An exact reprint of the listing is required, with no pictures included.

Segment Start: PROVIDED DATA

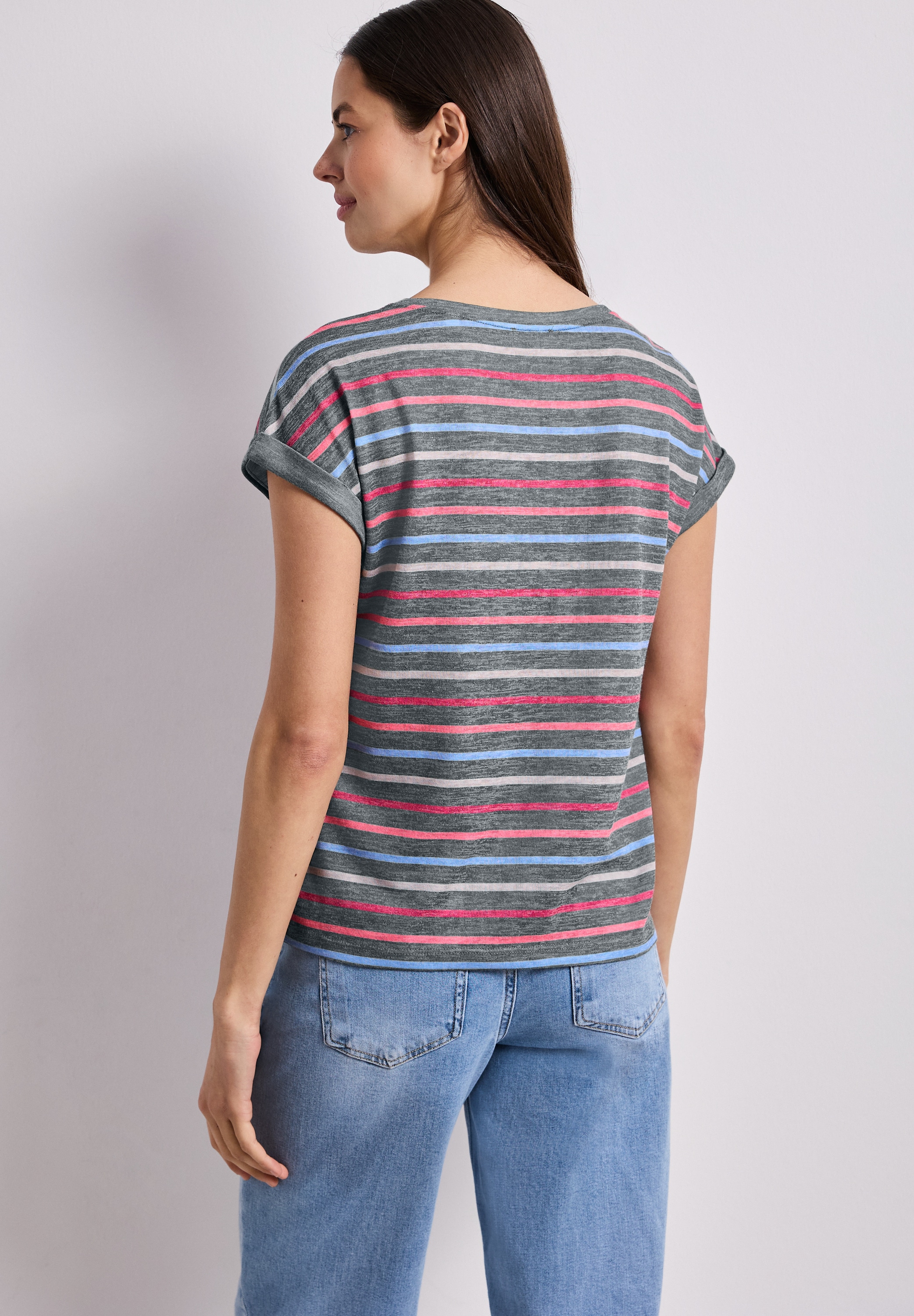 STREET ONE T-Shirt im Streifen-Design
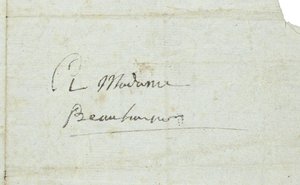 List do Josephine de Beauharnais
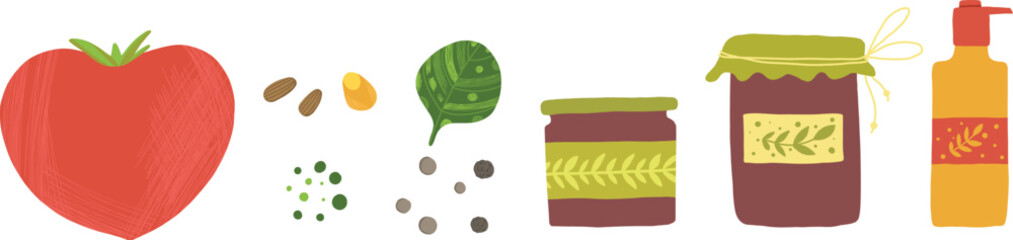 Organic food label. Fresh eco vegetarian products, vegan label and healthy foods badge. Veganism logo, vegans diet sticker or ecological food product stamp. Vector isolated symbols icon on white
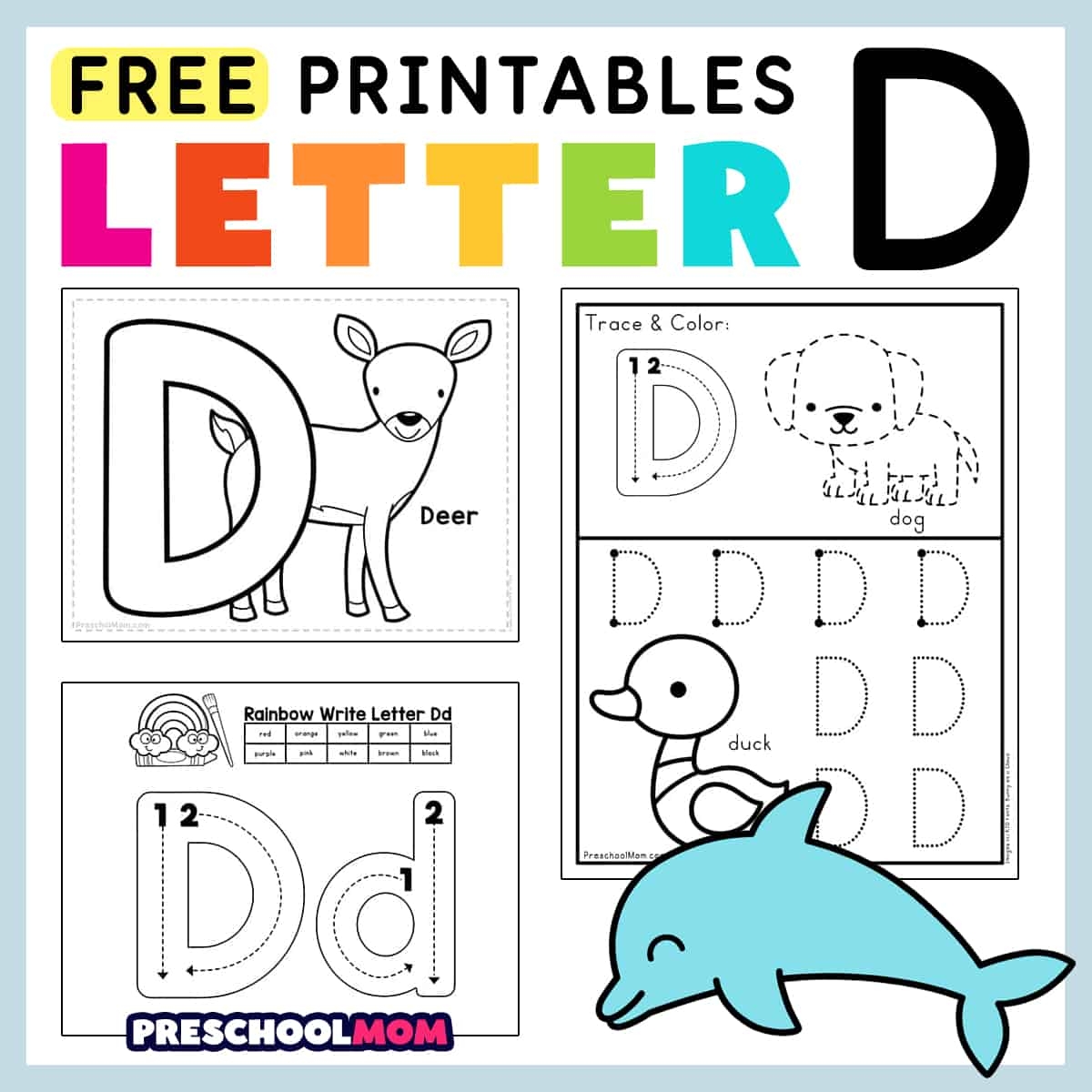 Free Printable Letter Dd Worksheets Free Printable Letter Dd Worksheets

Segment End: PROVIDED DATA

THE COMPLETED TASK:
 STREET ONE T-Shirt im Streifen-Design
 List do Josephine de Beauharnais
 Organic food label. Fresh eco vegetarian products, vegan label and healthy foods badge. Veganism logo, vegans diet sticker or ecological food product stamp. Vector isolated symbols icon on white
 Free Printable Letter Dd Worksheets Free Printable Letter Dd Worksheets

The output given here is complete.